La Saipem 12000, dopo giorni di blocco militare turco è stata costretta a lasciare le acque cipriote e ritirarsi. La nave avrebbe dovuto effettuare perforazioni all’interno del Blocco 3 della Zona Economica esclusiva di Cipro, nonostante l’accordo tra ENI e governo cipriota il capitano della nave ha dovuto invertire la rotta a causa della minaccia militare della Turchia che rivendica il possesso di quell’area.

La scelta di Erdogan ha inflitto un duro colpo alla nostra iniziativa in campo energetico ed è costata all’ENI ben 600.000 euro al giorno per tutto il periodo di blocco.

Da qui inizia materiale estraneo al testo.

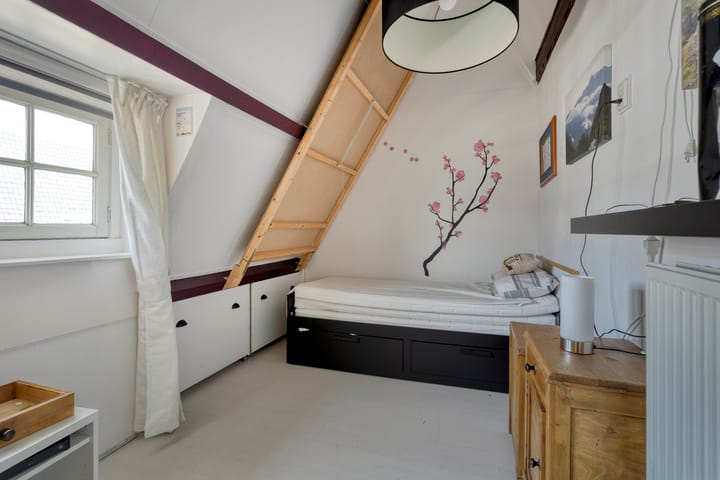 Photo 4 of Woubruggestraat 15-1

Il presidente turco ha minacciato di passare alle armi nel caso l’Italia avesse svolto le sue operazioni di perforazioni, una dichiarazione di guerra poco velata che ha messo in imbarazzo non solo le nostre istituzioni ma ha messo in discussione il prestigio della comunità internazionale che non è stata in grado di mediare diplomaticamente cedendo alle prepotenze del governo turco, un’azione inaccettabile sotto ogni punto di vista.

A seguito della nostra ritirata, il ministro degli esteri cipriota Ioannis Kasoulides ha definito l’Italia “l’anello più debole” tra i paesi coinvolti negli interessi energetici del paese, dal canto suo l’amministratore delegato ENI, Claudio Descalzi, ha spiegato che pur non volendo rinunciare all’iniziativa a Cipro ha deciso di non sfidare la presa di posizione turca.

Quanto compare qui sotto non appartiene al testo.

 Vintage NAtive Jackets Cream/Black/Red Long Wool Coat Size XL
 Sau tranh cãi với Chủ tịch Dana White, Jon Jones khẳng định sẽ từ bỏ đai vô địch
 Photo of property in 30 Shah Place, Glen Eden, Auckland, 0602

Inaccettabile l’atteggiamento dell’Unione Europea e dell’ONU (organi di cui, ricordiamo, la repubblica di Cipro è membro) che si sono limitate ad osservare l’ennesimo attacco alla sovranità dell’isola da parte della Turchia e non aver contrastato in alcun modo la provocazione di cui è stata vittima il nostro paese.

Ci chiediamo perché gli altri paesi UE, i quali ad oggi continuano a valutare un possibile ingresso della Turchia nell’Unione, non abbiano reagito in alcun modo quando a rigore di logica ci si sarebbe aspettato un intervento diretto vista la gravità del caso.

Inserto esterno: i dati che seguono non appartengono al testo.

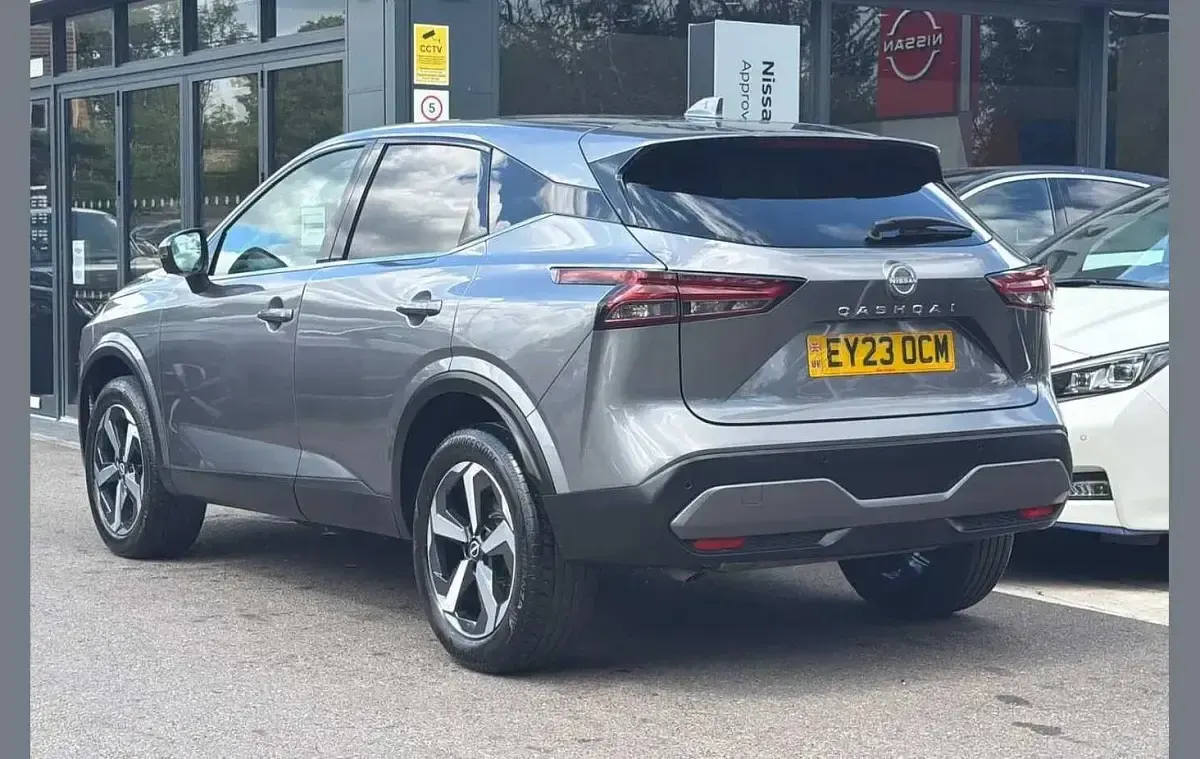 Used Nissan Qashqai N-Connecta 155 HP (114 kW) 2023 Grey SUV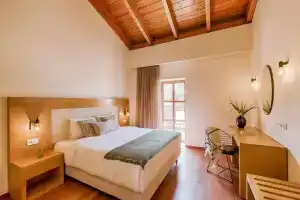 Villa Di Mare Seaside Suites, Иксия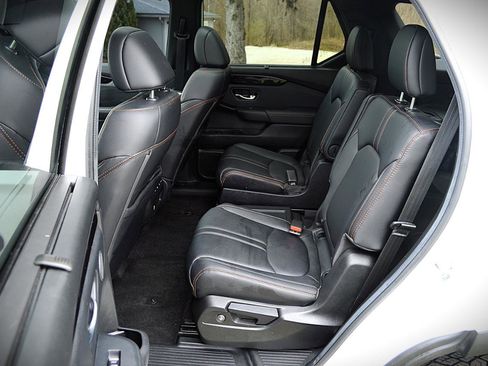 Used 2024 Honda Pilot TrailSport image 14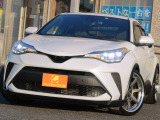 トヨタ C-HR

L’atteggiamento dell’Unione Europea cambia a seconda degli interessi in gioco, basta fare un confronto con il caso ucraino: le sanzioni alla Russia (le quali si sono rivelate più nocive per i sanzionatori che per il paese colpito) sono state emanate in risposta a precisi interessi tedeschi sul gas ucraino mentre quelli energetici dell’Italia nella zona cipriota sono perfettamente sacrificabili, ciò non fa che confermare l’idea di rappresentare “l’anello più debole”.